Denn queere Menschen in Bocholt, ob lesbisch, schwul, bi, trans, nicht-binär oder inter, brauchen diesen Tag. Für sich selbst. Für ihre Freund*innen. Für all jene, die sich (noch) nicht trauen, öffentlich zu zeigen, wer sie sind. Sich einmal im Jahr nicht verstecken zu müssen, sondern bunt, laut und gemeinsam durch die Stadt zu gehen – das ist kein Luxus. Das ist Freiheit.
Aber es ist auch ein Tag für Bocholt. Für eine Stadt, die zeigen will: Wir sehen euch. Wir hören euch. Ihr gehört zu uns.
Natürlich brauchen wir auch leise Formen der Aufklärung: Dialoge, Schulprojekte, Bildungsarbeit. Das unterstützen wir mit vollem Herzen und das sind ebenfalls Projekte die wir angehen wollen. Aber es braucht auch Momente der kollektiven, selbstbewussten Präsenz. Der CSD ist genau das: ein Tag, an dem wir nicht erklären, nicht bitten, nicht diskutieren – sondern einfach da sind. So wie wir sind.

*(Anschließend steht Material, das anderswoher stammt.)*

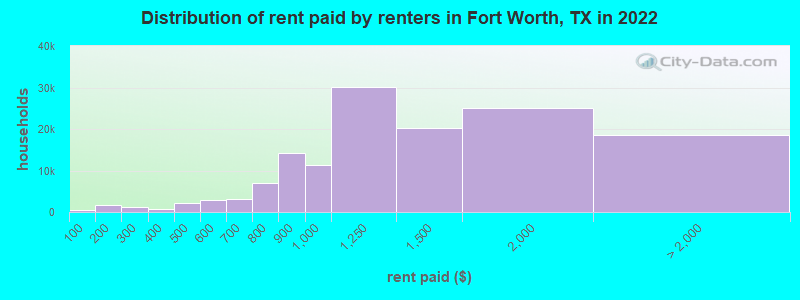 Distribution of rent paid by renters in Fort Worth, TX in 2022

Was Bocholt braucht, ist beides: Respekt im Alltag und klare Zeichen im öffentlichen Raum.
Wir sprechen nicht für alle – aber aus Erfahrung
Wir möchten an dieser Stelle betonen: Wir sprechen nicht für alle queeren Menschen in Bocholt. Und das maßen wir uns auch nicht an. Es gibt Menschen, die sich sicher und wohl fühlen, die keine Diskriminierung erleben oder sich nicht (mehr) erklären müssen. Das freut uns aufrichtig und genau das wünschen wir allen. Doch wir wissen eben auch, dass es viele andere gibt, die diese Freiheit (noch) nicht haben. Und für sie machen wir uns stark. Ihre Erfahrungen sind real. Ihre Geschichten verdienen es, gehört zu werden. Ihre Sichtbarkeit darf nicht kleingeredet werden.

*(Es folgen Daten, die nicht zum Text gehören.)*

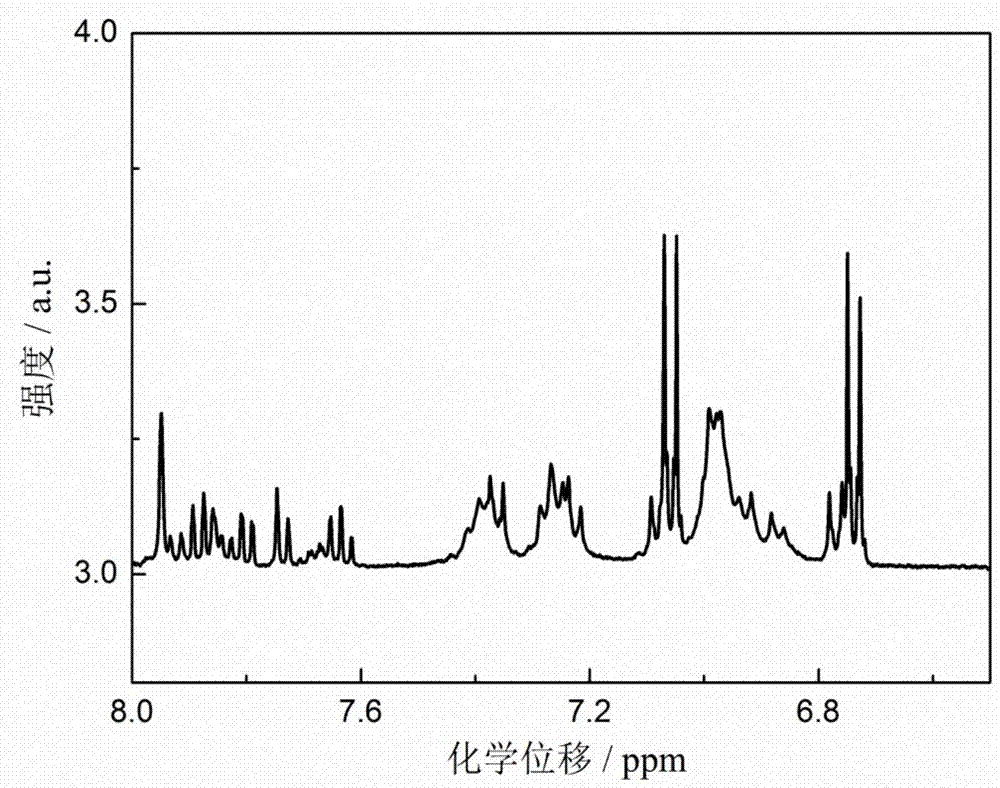 A kind of polyurethane containing triarylamine and its preparation method and application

Wir wissen auch: Es gibt viele Menschen in Bocholt, die uns unterstützen, leise, im Hintergrund, mit einem Lächeln, mit einer Geste, mit einem offenen Ohr. Auch ihnen gilt unser Dank. Der CSD ist auch für sie: ein Tag, an dem aus stillem Einverständnis eine sichtbare Solidarität werden kann.
Wir bleiben im Gespräch – und auf der Straße
Wir laden Herrn Prinz und alle Menschen, die dem CSD mit Skepsis begegnen, herzlich ein, mit uns ins Gespräch zu kommen. Wir haben keine Angst vor Kritik, aber wir wünschen uns Respekt für unsere Lebensrealitäten. Der CSD ist kein Gegenentwurf zum Dialog, sondern eine mögliche Grundlage dafür.
Er ist kein exklusives Event für eine „kleine Gruppe“, sondern ein Fest für eine offene Stadtgesellschaft. Für alle, die sich ein Bocholt wünschen, das niemanden überhört, auch nicht die leisen Stimmen.
Wir glauben: Bocholt kann mehr. Mehr Offenheit. Mehr Verständnis. Mehr Miteinander.
Wir glauben an ein Bocholt, in dem niemand erklären muss, warum er oder sie dazugehört. Und wir sind bereit, daran mitzubauen – bunt, laut und solidarisch.
Deshalb sagen wir: Ja, Bocholt braucht einen CSD.
Einen Tag, der uns zeigt, dass wir gesehen werden. Gehört werden. Willkommen sind.
Denn nur eine Stadt, in der alle Platz haben, ist wirklich für alle da.